A shout went up in the distance. Help was coming, but it was too late. No one could do anything.
Bram wasn’t weeping like Regan, but she could feel the ragged catch of his breath and the tremors shaking his whole body. His arms tightened around her and she leaned against him and sobbed.
Regan sat down in the quiet hospital corridor and buried her face in her hands. Her eyes were sore and swollen, but no matter how awful she felt, she knew it was nothing compared to how Katie was feeling. The poor woman. She’d collapsed when the news was broken to her and then she’d started to blame Georgie.
“If she hadn’t encouraged him, he’d never have gone to the cliffs!” she’d screamed.
Regan didn’t know if that was true or not, but one thing was certain, she was not going to let Georgie carry the burden of guilt for the rest of her life. They were just kids. What had happened was a terrible, tragic accident for which no one was to blame.
Katie had even lashed out, punching Regan in the chest, but her punch had no power and she’d collapsed into Regan’s arms, sobbing before Lally drew her gently away and took her home.
And then she had to tell Georgie. It was the most painful, most difficult thing she’d ever had to do and she couldn’t help but feel, despite not wanting to blame anyone, that none of this would have happened if she hadn’t split up with Bram when she did.
Perhaps having a father around would have curbed Georgie’s wild streak. No, no that was silly. If Jay hadn’t taken Georgie with him, it would have been someone else. And even if Bram was around, it wouldn’t necessarily have stopped Georgie running off like that to help a friend.
But what was even sillier was the realisation that her whole break up with Bram had been so stupid, so futile. Of course the world needed men like him who were willing to put their lives on the line to save others. Thanks to her and her stubbornness, her daughter was growing up without a father, a father who would have adored her given half a chance.
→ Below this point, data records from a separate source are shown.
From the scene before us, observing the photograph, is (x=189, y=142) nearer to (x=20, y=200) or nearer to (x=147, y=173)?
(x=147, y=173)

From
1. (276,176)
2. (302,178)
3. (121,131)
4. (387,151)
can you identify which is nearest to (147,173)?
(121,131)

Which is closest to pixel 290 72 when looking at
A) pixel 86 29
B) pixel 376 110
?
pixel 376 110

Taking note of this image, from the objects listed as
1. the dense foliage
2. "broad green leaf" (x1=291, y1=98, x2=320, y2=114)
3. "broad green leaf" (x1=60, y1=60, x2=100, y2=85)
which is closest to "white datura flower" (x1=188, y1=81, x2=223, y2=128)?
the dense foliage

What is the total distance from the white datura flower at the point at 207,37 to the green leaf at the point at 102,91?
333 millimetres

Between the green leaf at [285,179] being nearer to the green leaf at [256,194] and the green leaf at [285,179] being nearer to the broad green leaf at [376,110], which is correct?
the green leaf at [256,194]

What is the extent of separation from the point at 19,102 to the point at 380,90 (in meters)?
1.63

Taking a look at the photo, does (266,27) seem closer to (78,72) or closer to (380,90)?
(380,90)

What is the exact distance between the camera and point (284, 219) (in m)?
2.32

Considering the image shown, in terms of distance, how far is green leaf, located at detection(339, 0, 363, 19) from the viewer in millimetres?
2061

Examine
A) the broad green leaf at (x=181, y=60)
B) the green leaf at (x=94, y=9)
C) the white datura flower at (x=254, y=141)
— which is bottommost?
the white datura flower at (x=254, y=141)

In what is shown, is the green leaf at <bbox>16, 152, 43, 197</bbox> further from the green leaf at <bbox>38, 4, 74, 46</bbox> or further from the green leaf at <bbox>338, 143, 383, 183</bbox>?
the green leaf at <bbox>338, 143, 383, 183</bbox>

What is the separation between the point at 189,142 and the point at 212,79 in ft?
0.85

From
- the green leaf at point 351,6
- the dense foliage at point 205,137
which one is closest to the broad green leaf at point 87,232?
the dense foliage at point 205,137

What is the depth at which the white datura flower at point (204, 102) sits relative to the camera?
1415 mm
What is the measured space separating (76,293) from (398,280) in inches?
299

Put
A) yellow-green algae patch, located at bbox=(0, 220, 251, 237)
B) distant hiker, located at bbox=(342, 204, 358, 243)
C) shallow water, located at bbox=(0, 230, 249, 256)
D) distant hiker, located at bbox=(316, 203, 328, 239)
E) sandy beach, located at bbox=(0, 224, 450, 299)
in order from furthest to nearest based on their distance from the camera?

They wanted to keep Georgie at the hospital for another night and she was quite happy about that. She’d made friends with a little girl in the next bed and having spent time in the hospital crèche as a toddler, she was very familiar with the place.
Regan knew she should go home, but once she’d sat down, the weariness had overwhelmed her. Lally had already left, taking Katie home and promising to take Bonnie for the night just in case Regan got any silly ideas about staying over at the hospital.
She could use one of the on call rooms, she supposed. If she could gather up the energy to actually move.